Atelier Céramique Isabelle Gilquin

Savoir-faire & terroir • Augan

Atelier Céramique Isabelle Gilquin

À Augan, Isabelle Gilquin travaille la terre dans son atelier après s’être formée à l’école Creamik, à Séné. Elle aime la sobriété des formes et des lignes, et explore la matière brute, lisse ou chamottée : grès, porcelaine, faïence.

Sculpter, modeler, tourner, enfumer : ses gestes puisent leur inspiration dans ce qui l’entoure, du végétal au minéral en passant par le marin. Le travail d’empreintes et la carbonisation au crin de cheval nappent les formes et en épousent les contours.

L’atelier d’Isabelle Gilquin a pris ses quartiers à Augan, commune du pays de Ploërmel située aux portes de la forêt de Brocéliande, terre de légendes propice à l’inspiration. Ce coin de Bretagne intérieure, où la nature reste très présente, accueille de nombreux artisans d’art venus y trouver le calme et la matière de leur création. C’est dans cet environnement que la céramiste façonne ses pièces, après s’être formée à l’école Creamik, un centre de formation à la céramique installé à Séné, au bord du golfe du Morbihan, réputé pour transmettre aussi bien les gestes du tournage que la maîtrise des émaux et des cuissons.

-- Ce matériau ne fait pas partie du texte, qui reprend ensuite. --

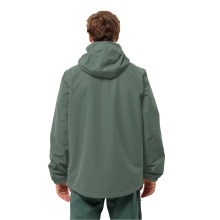 Jack Wolfskin Rain Jacket Stormy Point 2-Layer 2024 (Weatherproof Jacket, Waterproof, Windproof) Hedge Green Men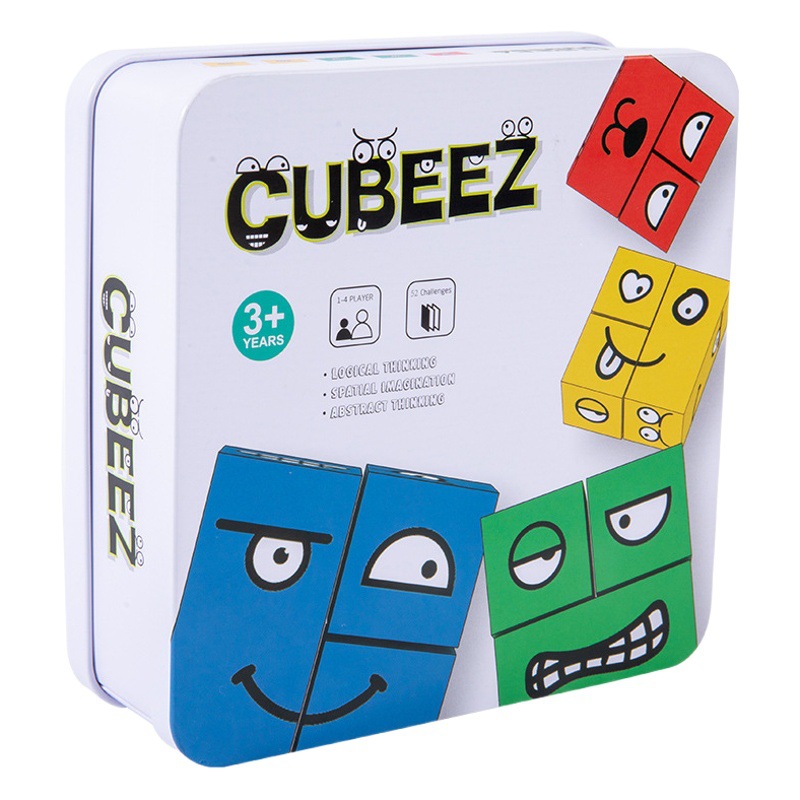 Bloques de construcción de cubos que cambian la cara desarrollo de inteligencia para bebés divertido juego de mesa pensamiento geométrico tridimensional entrenamiento juguetes educativos para niños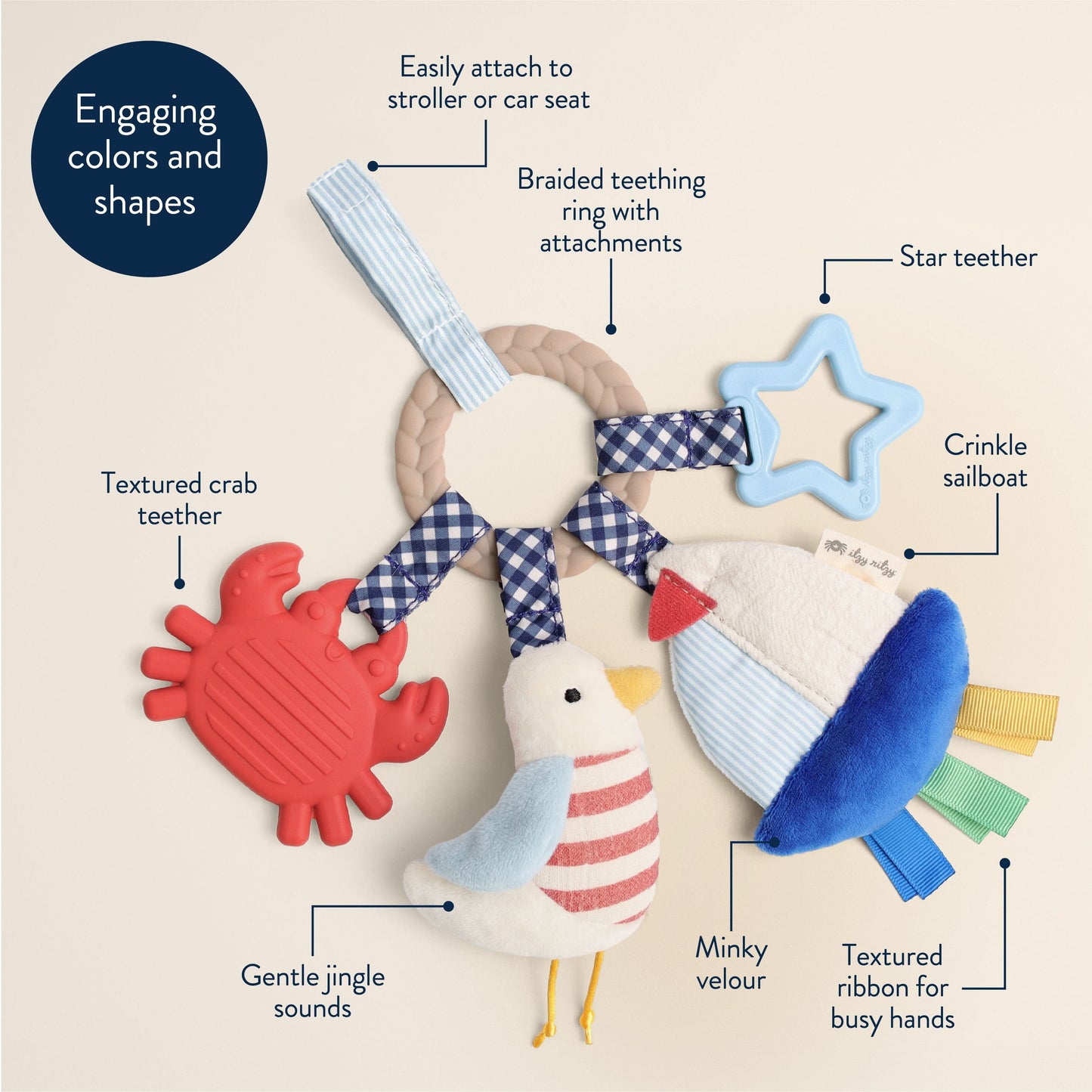 Itzy Ritzy Nautical Bitzy Busy Ring
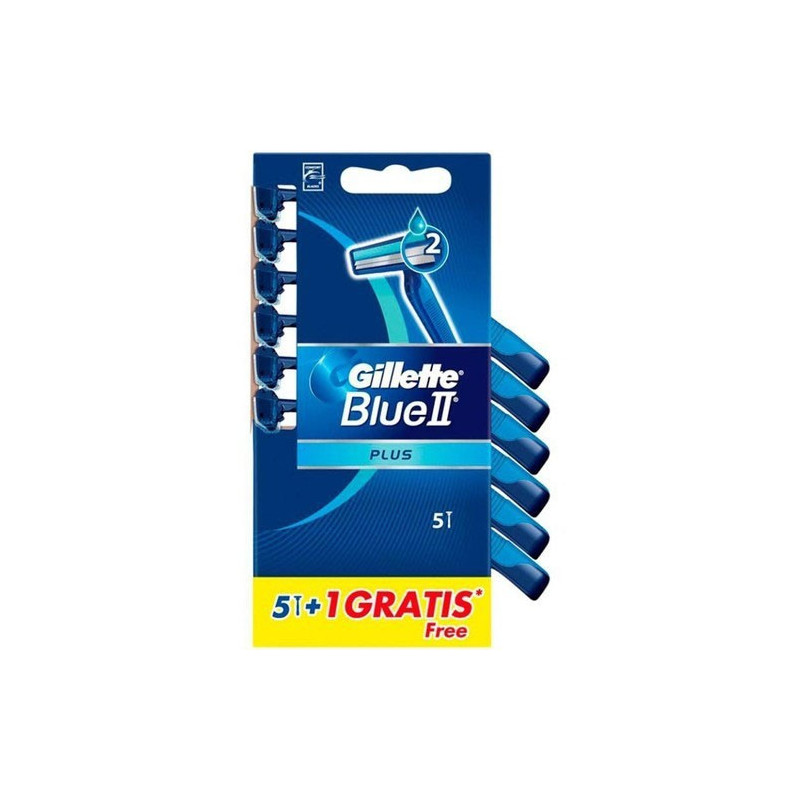 Gilette Blue II Plus Maquinillas de Afeitar Deshechables 6 unidades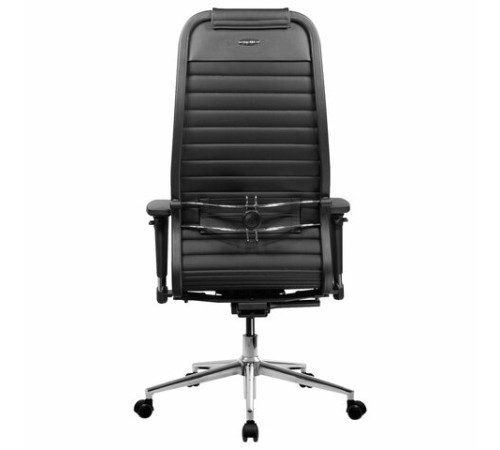 Кресло МЕТТА "ErgoLife" 10 B1-117D, хром, синхромеханизм, 2D-подлокотники, экокожа, черное Кресло МЕТТА "ErgoLife" 10 B1-117D, хром, синхромеханизм, 2D-подлокотники, экокожа, черное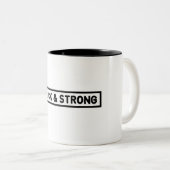 Funny coffeesnoes tweekleurige koffiemok (Voorkant rechts)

Le travail de l’argile commence par le choix de la terre, car toutes n’offrent pas les mêmes possibilités. La faïence, cuite à plus basse température, donne des objets poreux souvent recouverts d’émail ; le grès, cuit autour de mille deux cent cinquante degrés, devient dur, dense et imperméable ; la porcelaine, la plus fine et la plus blanche, séduit par sa translucidité une fois portée à très haute température. Isabelle Gilquin explore ces différentes matières, lisses ou chargées de chamotte — une argile déjà cuite puis broyée qui donne du grain et de la tenue à la terre — pour varier les textures et les effets de surface de ses créations.

Plusieurs gestes président à la naissance d’une pièce. Le tournage, sur la roue du potier, permet d’élever des formes régulières et symétriques ; le modelage et le travail à la plaque ou au colombin ouvrent au contraire la voie à des volumes plus libres et sculpturaux. L’artisane aime imprimer dans l’argile encore tendre des empreintes végétales ou minérales, qui inscrivent dans la matière la trace du monde qui l’entoure. Cette attention portée aux lignes épurées et à la sobriété des formes confère à chaque objet une présence discrète, où la beauté naît de la justesse du profil bien davantage que de l’ornement.

La signature de l’atelier tient surtout à une technique spectaculaire : l’enfumage au crin de cheval. Une fois la pièce sortie du four encore brûlante, on dépose à sa surface des crins qui, au contact de la chaleur, se consument instantanément et impriment de fines arabesques sombres. La carbonisation dépose ainsi le carbone en filaments délicats, dessinant à chaque fois un motif unique et imprévisible. C’est cette part de hasard, propre aux cuissons par réduction, qui fait tout le prix de la démarche : nul ne peut prédire avec certitude le rendu final, et chaque réalisation devient une pièce véritablement singulière.

Ces lignes tracent des chemins de fumée et racontent une histoire, entre univers marins et minéraux. L’imprévu de la cuisson révèle chaque pièce et la minéralité de la terre. Un savoir-faire céramique tout en finesse.